By Andrew Gilbert
San Francisco jazz singer Madeline Eastman has spent the past two decades teaching the intricacies of the art form at the Stanford Jazz Workshop and JazzCamp West. Her new album, “A Quiet Thing” (MadKat Records), offers a master class in how to slow things down.
Eastman came of age on the Bay Area jazz scene in the 1980s, inspired by great musical storytellers like Carmen McRae and Etta Jones. She made a name for herself as a tough and fearless performer, unafraid of mixing it up at torrid tempos with some of the music’s most formidable improvisers. But over the years she’s learned how to distill all that intensity, and pour it into emotionally taut balladry. A riveting duo session with Portland pianist Randy Porter, “A Quiet Thing” features 14 songs without a single up tempo number.
On those rare occasions when a jazz singer decides to focus exclusively on ballads, it’s usually in an orchestral setting, with lush arrangements providing a variety of textures. Porter, a consummate musician who got his start on the San Diego jazz scene, is more a fellow explorer than an accompanist. His probing dialogues with Eastman make strings and horns feel superfluous, particularly when they strip a pop classic like Burt Bacharach and Hal David’s “Alfie” down to essentials.
Part of what makes “A Quiet Thing” so rewarding is that Eastman avoids the usual American Songbook fair. A dedicated song sleuth, she offers several invaluable discoveries, such as the Alec Wilder/Loonis McGlohom gem “All of Us In It,” a persuasive paean to the pleasures of wedlock, and Victor Feldman and Tommy Wolf’s rapturous “A Face Like Yours.”
When she does tackle a standard, Eastman turns it into something startling and new, like her bruised and wary version of “Pick Yourself Up.” Usually delivered as a jaunty affirmation of resilience, the song turns into a spiritual odyssey as she folds it into Donnie McClurkin’s contemporary gospel anthem “We Fall Down.”
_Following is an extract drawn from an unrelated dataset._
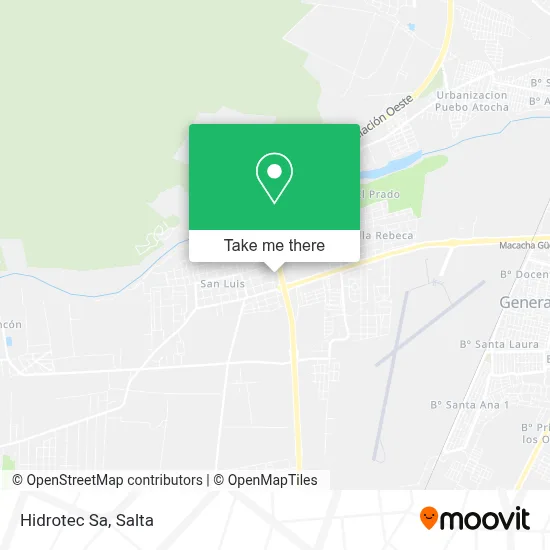 Hidrotec Sa map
“A Quiet Thing” isn’t Eastman’s first run at a ballad program. Back in 2001 she released “Bare,” a duo project with the late great Los Angeles pianist Tom Garvin. It’s a marvelous session, but the new album finds Eastman delving deeper than ever before, spurred on by Porter’s bright but oblique harmonic choices. She closes the album with Brian Wilson’s soul-bearing prayer “God Only Knows,” almost whispering the abject lyric.
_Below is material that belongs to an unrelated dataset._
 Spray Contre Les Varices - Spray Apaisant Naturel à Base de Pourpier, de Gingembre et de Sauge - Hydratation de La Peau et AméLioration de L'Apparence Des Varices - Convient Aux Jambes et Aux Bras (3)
Some listeners might find themselves hankering for more rhythmic variety, or improvisational fireworks. Eastman sets plenty of sparks flying, but she never makes a big gesture when a subtle motion serves her vision. The album’s title track, Kander and Ebb’s “It’s A Quiet Thing,” practically serves as a manifesto, an ode to the power of understatement. I won’t be surprised if “A Quiet Thing” makes a big, resounding impact.